担当教員の判断で「ラプラス変換」か「フーリエ解析」かのいずれかを学習します。 いずれも微分積分の応用です。 2年次の微分積分が身についていれば十分受講可能です (重積分や偏微分の知識は使ったとしてもごく初歩的なものだけです)。 高等学校からの編入生は「微分積分I」の教科書が理解できれば心配いりませんが、 担当教員に一言声をかけておくとさらに安心です。
ラプラス変換は化学では使用頻度があまり高くないので、 ラプラス変換がテーマに選ばれている場合は、 数学があまり好きでない人は無理にとらなくてもいいでしょう。 ただし、必修の応用数学Iは技術的には初等的なので、 1年間それだけだと苦労して身に付けた微積分を忘れてしまう、 という恐れが多少あります。ラプラス変換は3年次以下の数Aの復習には最適なので、 数学の実力を維持したい人には選択する価値があると思います。
一方、フーリエ解析は量子力学や量子化学では必須のテクニックですので、 フーリエ解析がテーマに選ばれている場合は、 化学系の学生も大いに学ぶ価値があります。 これを身に付けないと、量子力学や量子化学は使いこなせません。 必要不可欠のテクニックだけに、 量子力学や量子化学の本格的教科書の中にも、通常はある程度説明がありますが、 この授業のほうが丁寧かつ詳細ですので、 将来、量子力学や量子化学を自分のものとし、縦横に使いこなしたい人は、 この科目を選択しておくと良いでしょう。 もちろん、3年次以下の数Aの復習としても最適です。
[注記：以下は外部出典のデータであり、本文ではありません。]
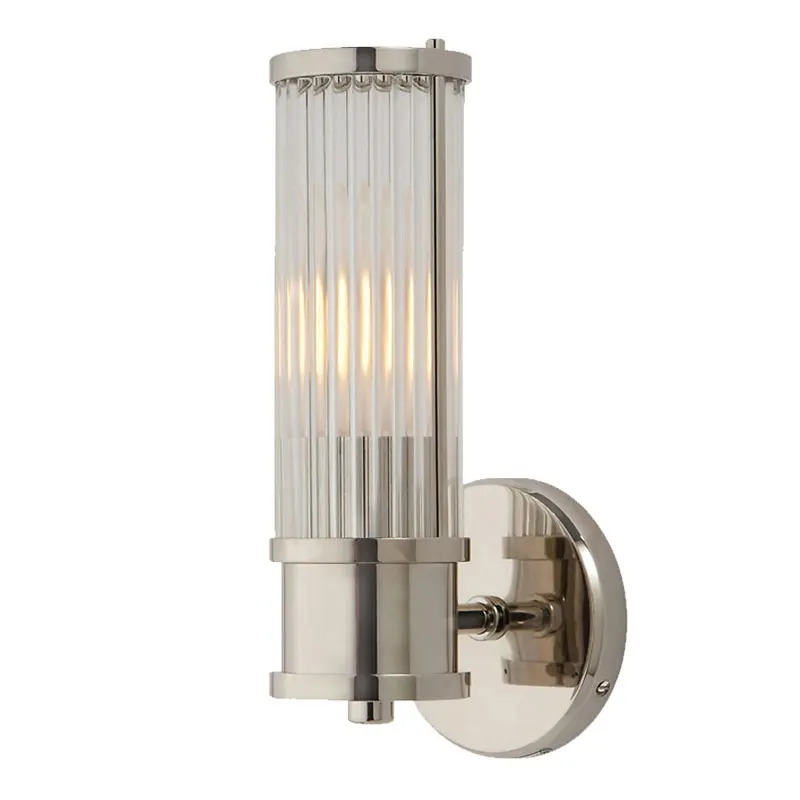 High-end Classic Style Hand Dying Antique Brass Finish Single Holder Glass Wall Sconce Light Corridor Bedside Wall Lamp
この科目は3年次数学Bの続編です。 この授業で学ぶのは抽象的なベクトルの理論で 「線形空間論」と呼ばれています。 世間で「線形代数」というと、 通常はこの線形空間論までを含みます。
本校では選択科目ですが、 高校から大学に進むコースでは≪必修科目≫です。 理工医歯薬農系など広義の理科系学生が大学1〜2年次 で学ぶ「教養の数学」といえば、 微分積分とこの線形代数の2つが定番です。 微分積分の知識は2〜3年次の数学AI,AIIで十分ですが、 線形代数についてはこの授業で補わない限り、世間一般のレベルと並びません。 線形空間論は、 大学3年次編入でも難関大学だと当たり前のように出題されます。
大学、とくに難関大学を目指す人は、 この科目を選択することを強く勧めます。 大学3年次に編入したあと、学ぶチャンスはありません (専攻科進学者は大丈夫です)。 この科目がなぜ重要かというと、 理工系の専門書は、一番易しいものでも、読者が 「教養程度の微分積分と線形代数」 の知識を持つことを仮定しているからです。
工科系の数学の多くは、19世紀以前の古いものが中心ですが、 線形空間論は現代数学の影響を強く受けているので、 初めて学ぶ人は面食らうかもしれません。 しかし、めげずに学んでください。 「計算は追えるが何をやっているか分からない」というのはよくある症状です。 困ったら、お気に入りの数学教員に質問に行きましょう。 この科目は、半年学んでもあまり分かった気がしないかもしれません。 しかし学んだ経験が大切です。ちゃんと学んでおけば、 何年かするうちにちょっとずつ意味がわかってくると思います。